Problem
Set down, word for word, every line of the material below from the one containing "If you are a" through the one containing "To learn more", but none of its pictures.

Dataset content

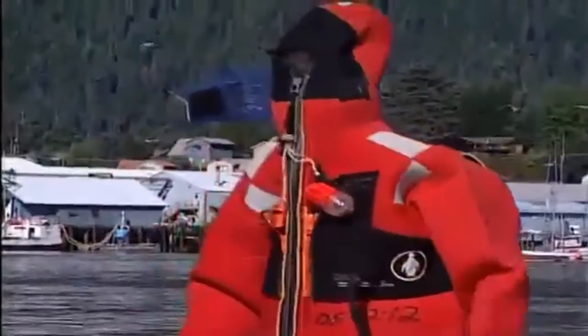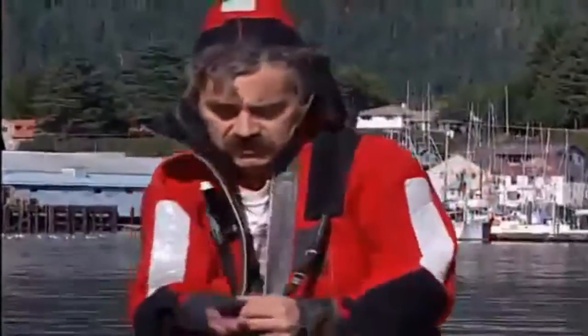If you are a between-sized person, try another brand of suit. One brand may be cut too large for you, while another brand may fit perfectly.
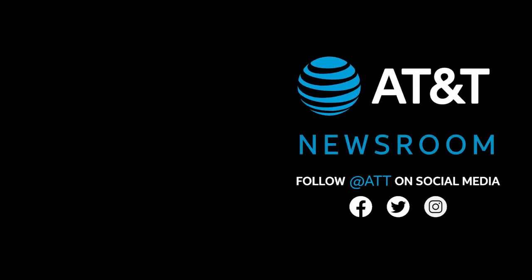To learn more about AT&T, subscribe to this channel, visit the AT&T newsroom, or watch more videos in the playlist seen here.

==

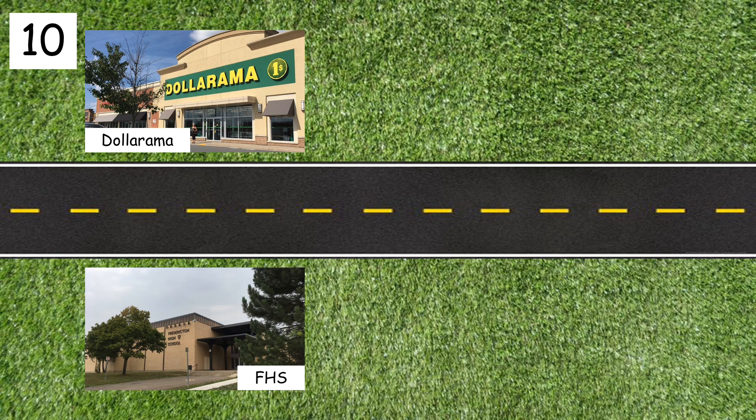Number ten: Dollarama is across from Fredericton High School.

==

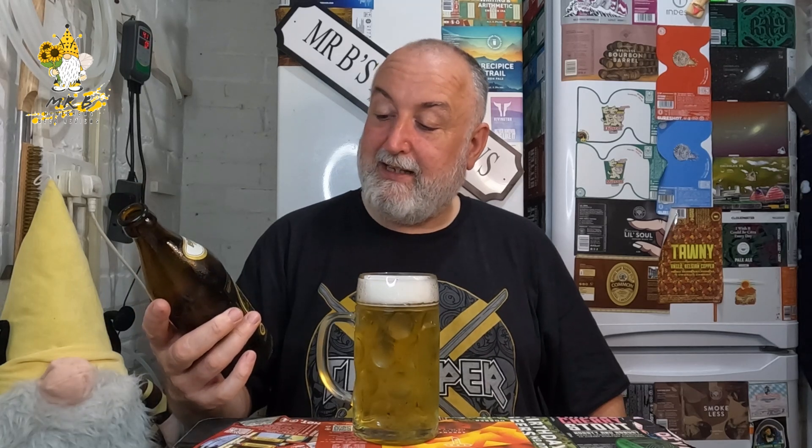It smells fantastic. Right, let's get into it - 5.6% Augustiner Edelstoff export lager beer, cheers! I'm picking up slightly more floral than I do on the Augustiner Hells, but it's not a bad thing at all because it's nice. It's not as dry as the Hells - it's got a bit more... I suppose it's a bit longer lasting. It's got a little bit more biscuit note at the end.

Task output
If you are a between-sized person, try another brand of suit. One brand may be cut too large for you, while another brand may fit perfectly.
To learn more about AT&T, subscribe to this channel, visit the AT&T newsroom, or watch more videos in the playlist seen here.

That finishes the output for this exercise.